We tested lots of circular ideas, not just bearings. Something odd showed up.
The moon really does cycle. The Krebs cycle really does close — oxaloacetate turns back into citrate, it's a loop, that's why it's called a cycle. But the model doesn't store them as circles.
The model builds a circle when text keeps listing the thing in a loop ("Monday, Tuesday, Wednesday…" appears endlessly). It does not build one just because the thing is genuinely circular in reality.
The model's geometry mirrors its reading material, not the world. That's a weaker — and far more interesting — claim than "neural networks discover the structure of reality."
We ran an adversarial reviewer against our own work at the end, whose only job was to try to destroy it. It found a lot. Six of our claims had to be retracted. Here are the three worst mistakes, because they're more instructive than the results.
A one-character indexing slip meant we were reading the model's thoughts about the word
before each concept. Every "month" we analysed was actually the word is. All
twelve months came out identical. The software cheerfully produced a full page of
beautiful statistics about absolutely nothing.
The most dangerous one. When we told the model's compass to turn right, our code turned it left. So "sliding along the circle" was steering in reverse, and scored worse than doing nothing at all.
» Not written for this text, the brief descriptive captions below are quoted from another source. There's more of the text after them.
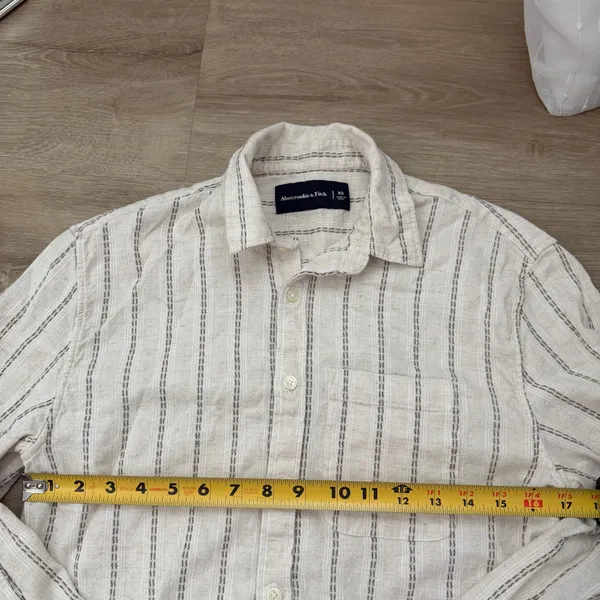 Abercrombie and Fitch Linen Stripes Button Down Shirt - Image 3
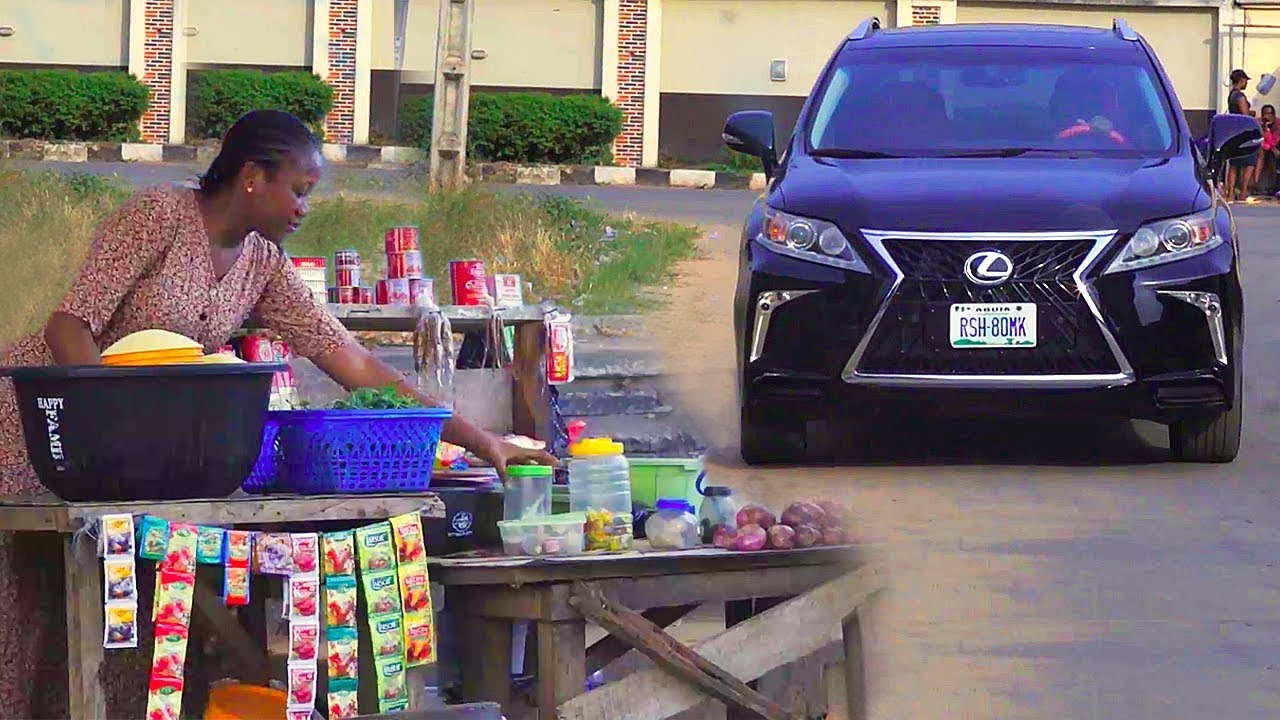 LA PAUVRE FILLE PENSAIT LE RICHE S'ÉTAIT ARRÊTÉ POUR ACHETER DES PRODUITS MAIS IL A TROUVÉ UNE FEMME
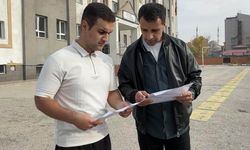 Baba-oğul aynı okulda KPSS'ye girdi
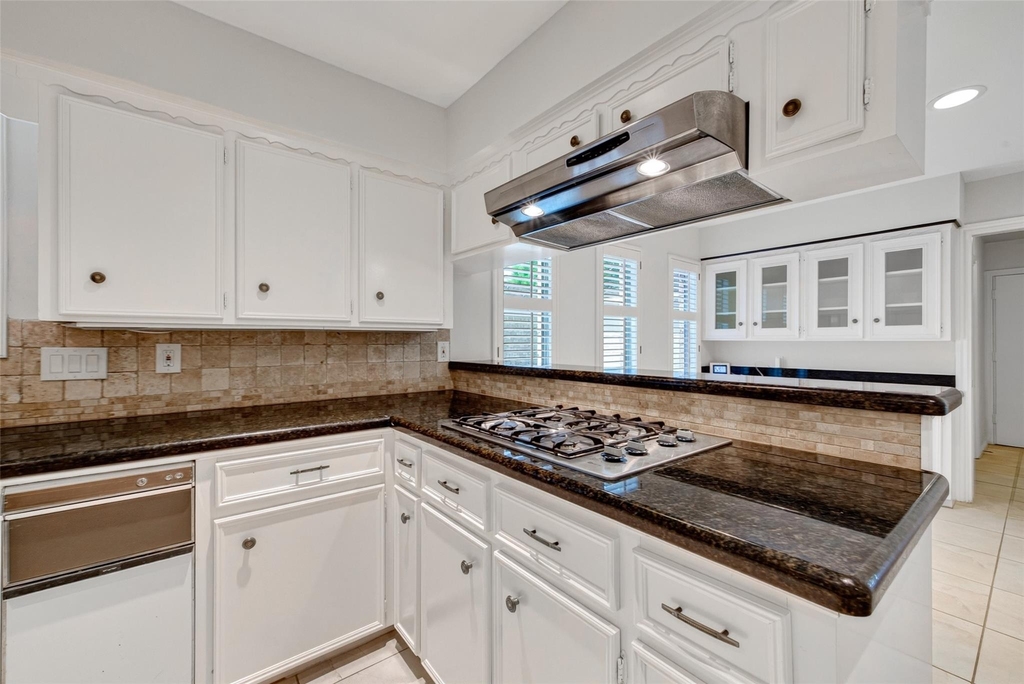 6222 Creekbend Drive - Photo 7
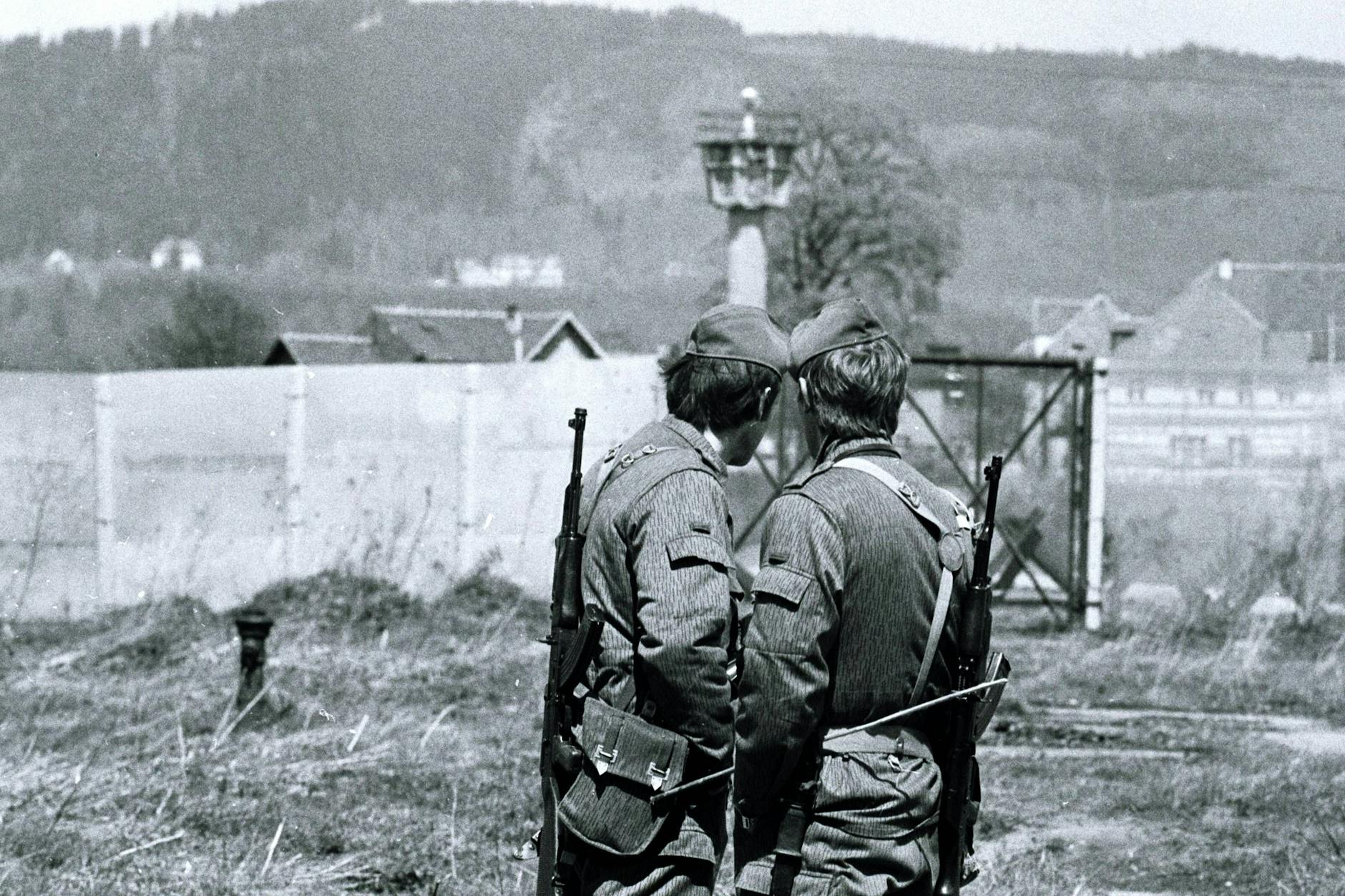 Grenzsoldaten der NVA an der Grenzsicherungsanlage der DDR bei Neustadt/Bayern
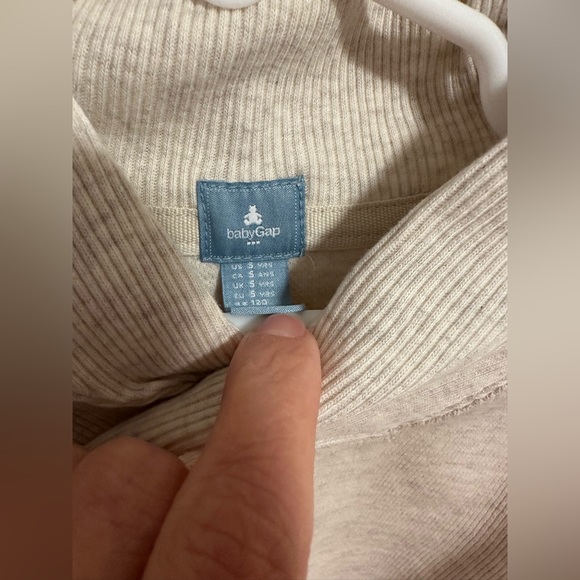 Gap - Picture 2 of 4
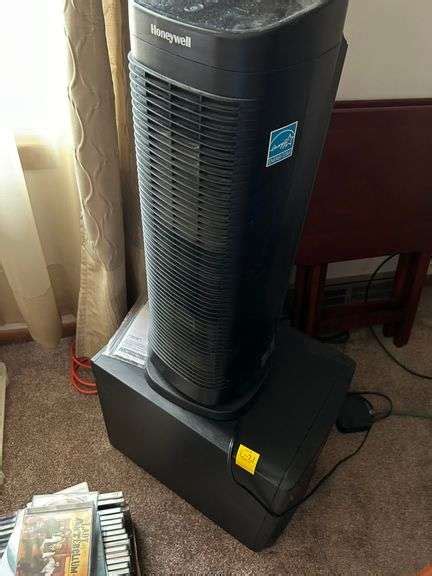 Space Heaters - Auction Solutions Inc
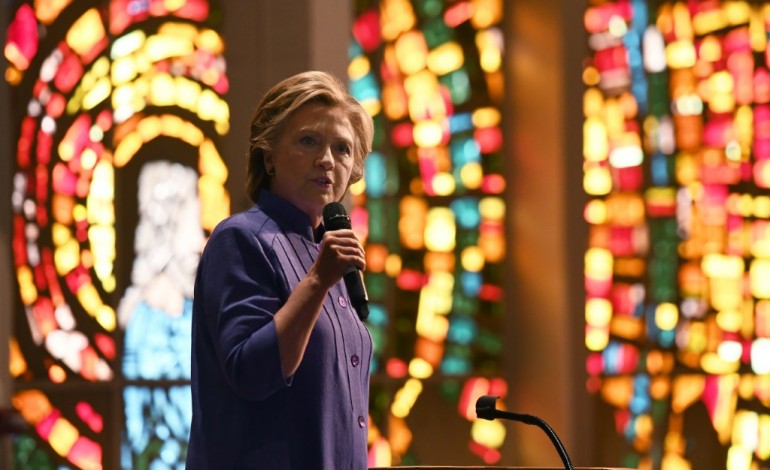 Clinton cherche à dépasser le choc de la relance de l'affaire de ses emails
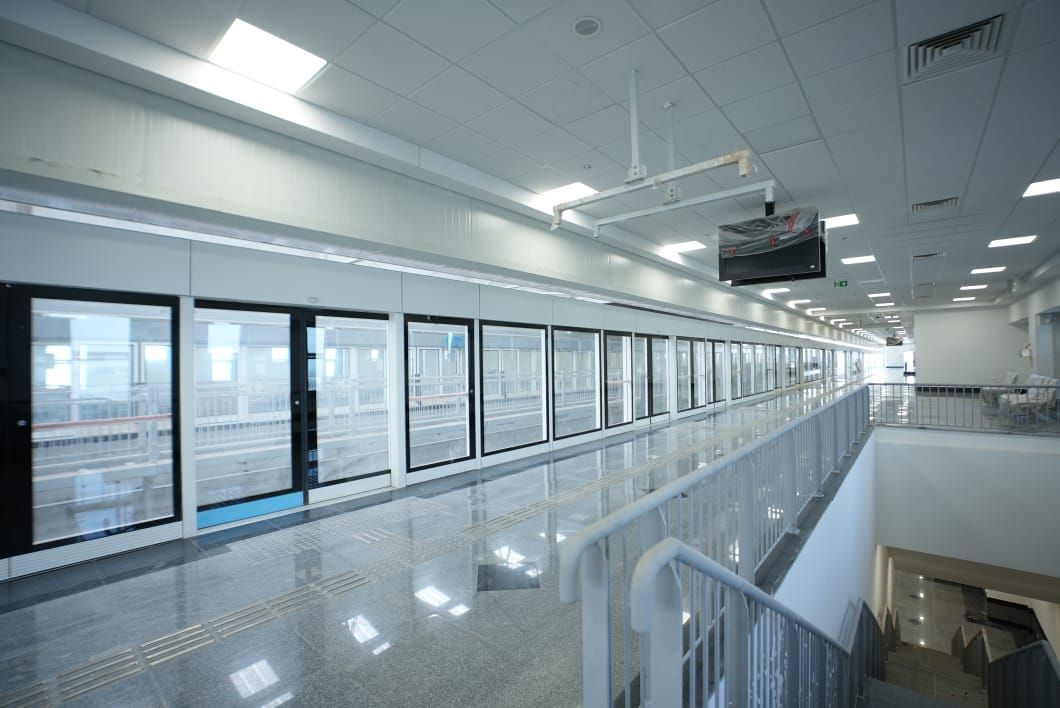 شاهد محطات مونوريل العاصمة الإدارية من الداخل.. صور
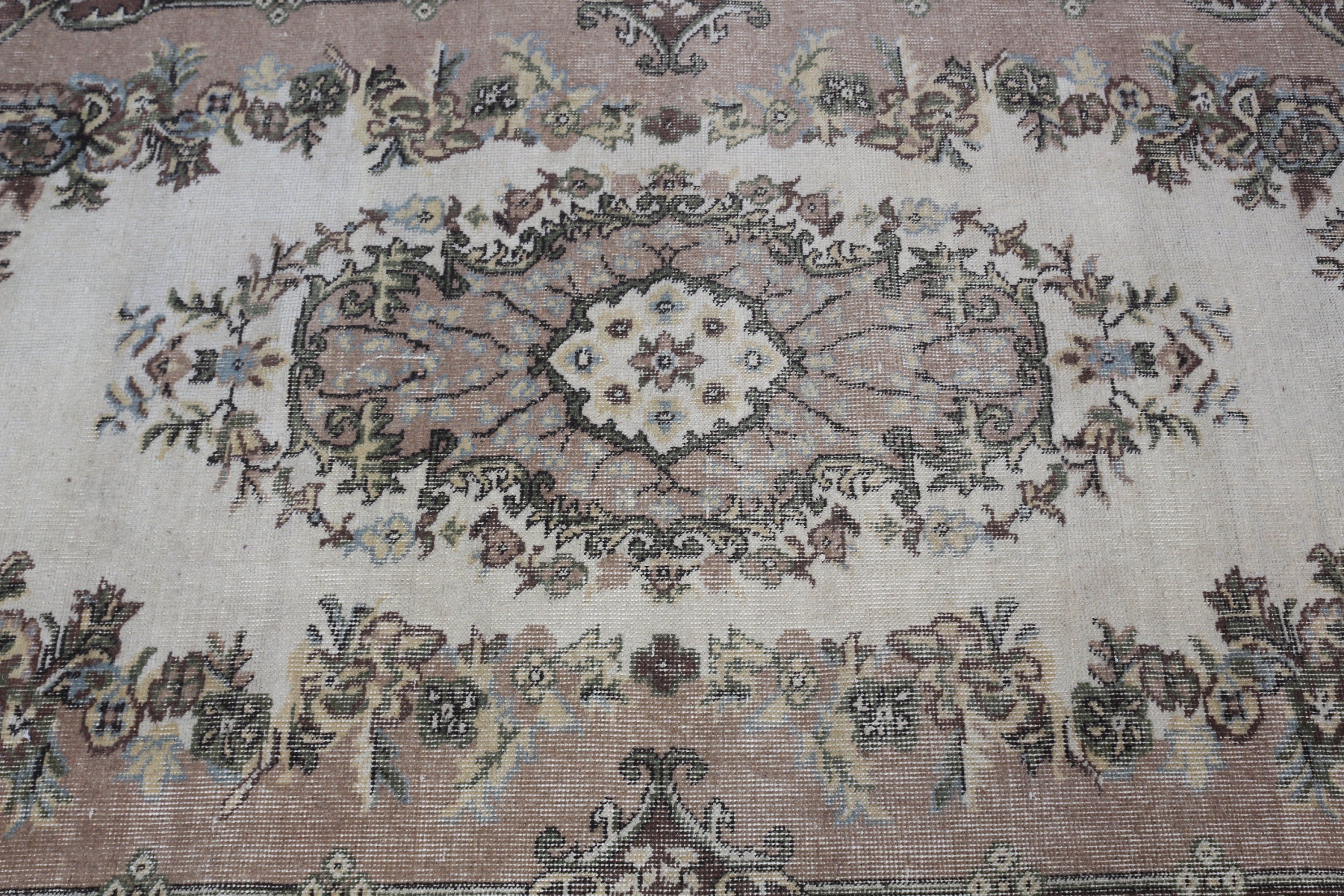 Sevimli Halı, 3,7x6,9 ft Alan Halısı, Vintage Halılar, Kahverengi Soğuk Halı, Yemek Odası Halısı, Anadolu Halısı, İç Mekan Halıları, Türk Halıları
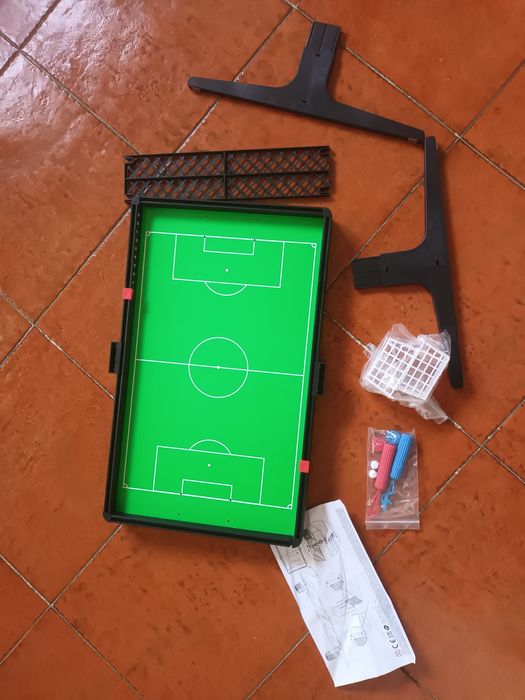 Jogo magnético de futebol e hóquei
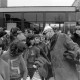 Archiv der Region Hannover, ARH NL Mellin 01-011/0025, Umzug von Schülern des Gymnasiums und der Realschule Großburgwedel in das neu gegründete Gymnasium Isernhagen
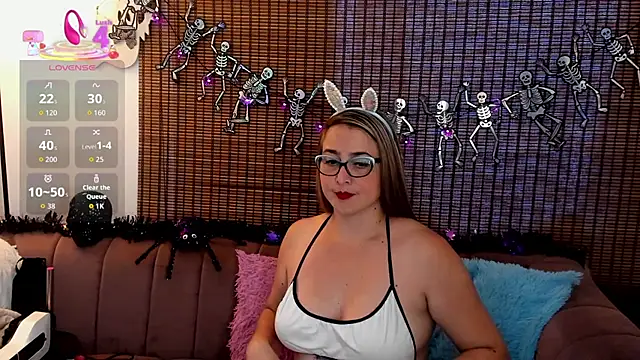 Snapshot of ariana_cross chatting on October 15, 12:38 pm ariana cross online show from October 15, 12:38 pm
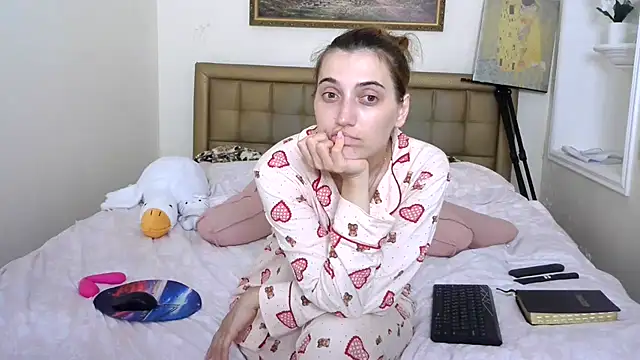 Snapshot of Iren chatting on July 1, 7:46 pm Iren online show from July 1, 7:46 pm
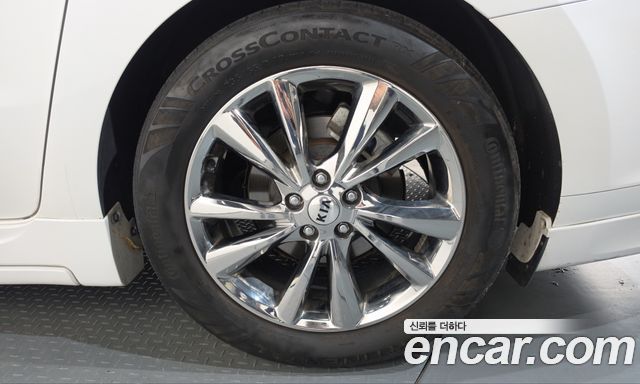 Kia Canival 2020 — photo 7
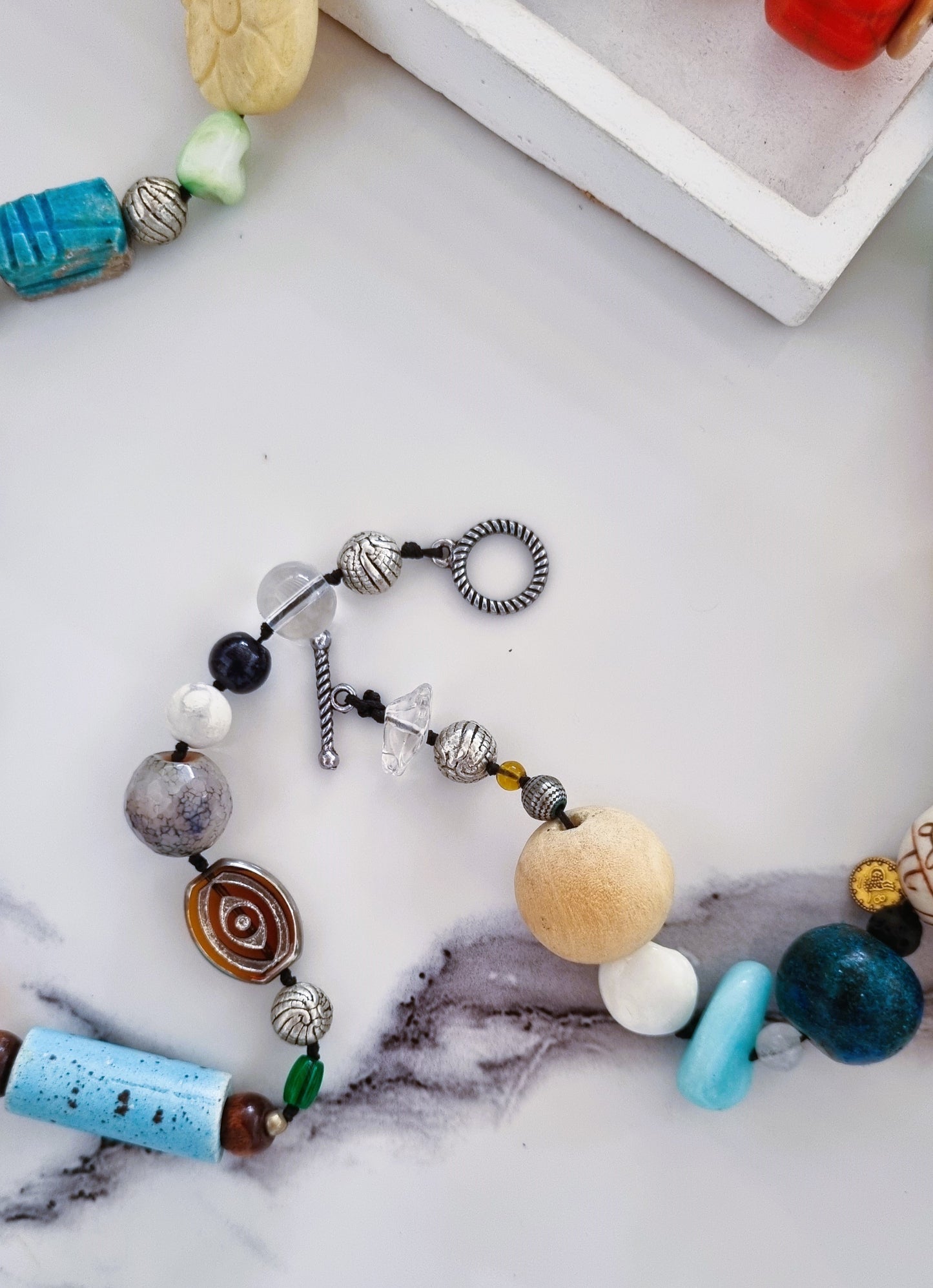 The ''catch-eye'' necklace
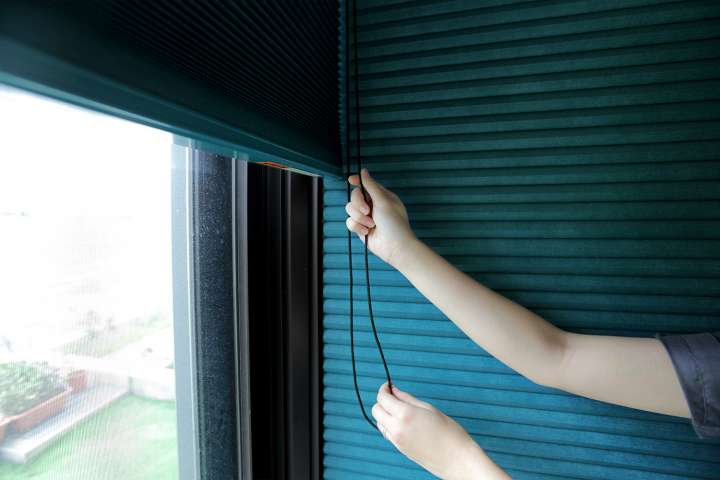 Vali  Honeycomb Shades　Blackout Teal Heat Insulation Blinds & Shades Child Safety／Cordless Blinds & Shades Blackout Blinds & Shades Motorized Blinds／Smart Blinds & Shades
We nearly published that as a dramatic headline: "curved-geometry steering actively harms the model!" It was a bug. Fixed, the honest answer is far more boring: the circle helps a little.
A bug that makes your results more exciting is the one you're least motivated to look for. Two of our three bugs made our findings look better than they were.
Our first "proof" of the circle was drawn using a method that had already been shown the answers. In that situation the method will draw you a beautiful circle even from pure random noise. Worse, the caption on our own chart said "ring holds" — hardcoded — while the test underneath it was quietly returning false.
There is a genuine, near-perfect circle for compass directions inside this model. We can read a bearing out of the model's raw numbers to within 4 degrees, on examples it was never shown. Camp B is right that curved structure exists.
The circle is invisible to PCA and UMAP, the standard tools, because it's only 9.6% of the signal and it's buried under the spelling of the words. This is the most useful thing we found. If you go looking for these shapes the normal way, you will conclude they aren't there.
Edit the circle and the model mostly ignores you. Sliding along it steers the model only weakly — while a plain, boring matrix steers it far better and matches the best score theoretically possible. The elegant geometry is real, but it is not where the computation is happening.
We looked hard, with the model-makers' own SAEs, and found no shattering.
No — and that's the neat part. That was an image model, where the thing being tracked (the car's position) is the only thing in its head. There's no spelling to distract it.
A language model reading "137 degrees" always has a loud, easy alternative available:
just read the digits. So it does. The curved shape is there, sitting quietly in the
background, mostly unused.
The shape is real. The shape is hidden. The shape is not the mechanism.
And the thing that would change our mind is finding a concept where the meaning — not the spelling —
is the loudest thing in the model's head.